February 1, 2017
The vast majority of freelancers are highly-skilled knowledge workers and business service providers.
Because of their flexible mind set, they are naturally driven to broaden horizons and expand at cross-border level. Truth is, freelancers know no boundaries — they only need a wifi connection and their brain to work.
A New Services E-Card to Benefit Freelancers
On 10 January the European Commission has published a Services Package, that includes a set of measures to upgrade the internal market for services in the EU.
A Services E-Card (E-Card) is part of this package and is a standardised electronic procedure that aims to facilitate, in key economic sectors such as business services, the development and mobility of companies and the self-employed across the internal market.
Its objective is to simplify administrative procedures for service providers wanting to operate cross-border, and reduce obstacles of a regulatory and compliance nature that discourage them from entering a market in another European country.
Freelancers must applaud the ambition of the EU Institutions to reboot the internal market for services, and welcome the pledge to ensure small businesses benefit from simplified rules about cross-border services.
Working for yourself and being your own boss is the best feeling in the world, but that that doesn’t mean it’s all sunshine, though.
The self-employed population contributed to European GDP with 8.6 billion € in service trade in 2014. Yet, the free movement of services and the free movement of self-employed service providers, both central principles governing the internal market, remain underdeveloped.
The new E-Card properly tackles several persistent administrative hurdles faced by the self-employed. However, its success rests upon European Countries to implement all other necessary reforms in the services sector to facilitate more cross-border business.

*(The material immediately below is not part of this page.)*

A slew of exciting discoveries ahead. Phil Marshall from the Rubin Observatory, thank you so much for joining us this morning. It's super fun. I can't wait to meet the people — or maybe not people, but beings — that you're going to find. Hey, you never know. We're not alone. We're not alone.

If the E-Card’s only purpose is to simplify compliance with unnecessary, inconsistent, and frequently changing requirements, that would fail to address the root cause of the problem.
Reducing administrative burdens for small business, or as they say “more red carpet and less red tape”, is of paramount importance.

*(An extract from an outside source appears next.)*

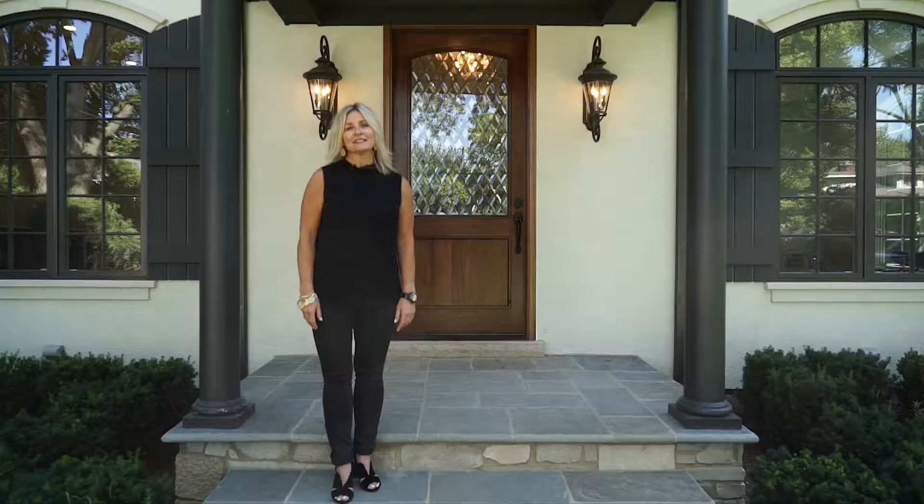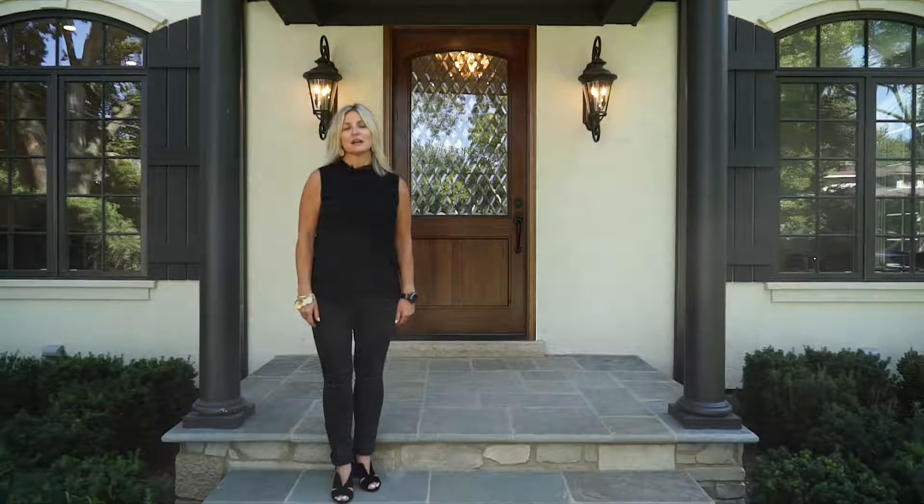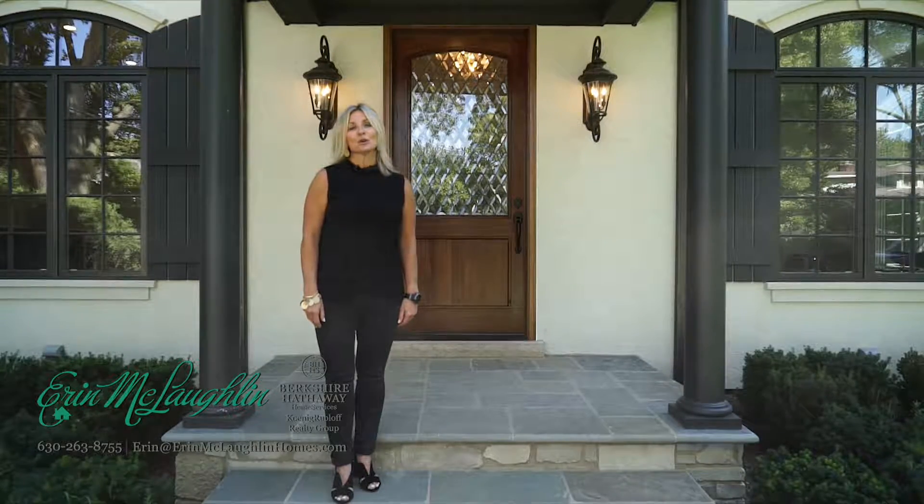Hey everyone, I'm so excited today to take you on a tour of my new listing at 209 South Adams. This striking new construction has four levels of luxury finishes, a gourmet custom kitchen with high-end stainless steel appliances, a private fenced-in backyard. It's a commuter's delight and a short walk to schools and town. Let's take a look.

According to the Flash Eurobarometer FL 354 “Entrepreneurship in the EU and beyond”, in 2012, 37% of Europeans surveyed expressed a preference for self-employment over being an employee, and there is a lot of supporting evidence to suggest that job satisfaction is very high among the self-employed.

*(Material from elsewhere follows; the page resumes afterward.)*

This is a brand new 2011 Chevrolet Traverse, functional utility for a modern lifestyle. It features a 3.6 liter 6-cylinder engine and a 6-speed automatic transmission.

Those who preferred self-employment cited greater freedoms, such as personal independence, self-fulfilment and the chance to do something of personal interest, as well as the ability to choose their own place and time of work.
However, only 14% of Europeans actually are self-employed. Such a gap between aspiration and reality exists because 72% see complex administrative process and 51% see a lack of information as barriers to start on their own.
Freelancers’ Call for Policy Action
Ahead of an event on the EU Services Package, the European Forum of Independent Professionals, a European association representing freelancers, has called on EU Institutions to be more ambitious in support to self-employed service providers operating at cross-border level. The event was co-organised with the European Business Service Alliance and the ALDE Group and took place in the European Parliament on 31 January.
Here below are a number of policy suggestions that emerged from the event as to how the EU Institutions should take the E-Card further:
- Place a primary focus of application of the E-Card on temporary cross-border service provisions and on SMEs. Additionally, ensure the specific inclusion ofself-employed professionals as one-person enterprises (also those who are unincorporated and those who do not belong to the regulated professions).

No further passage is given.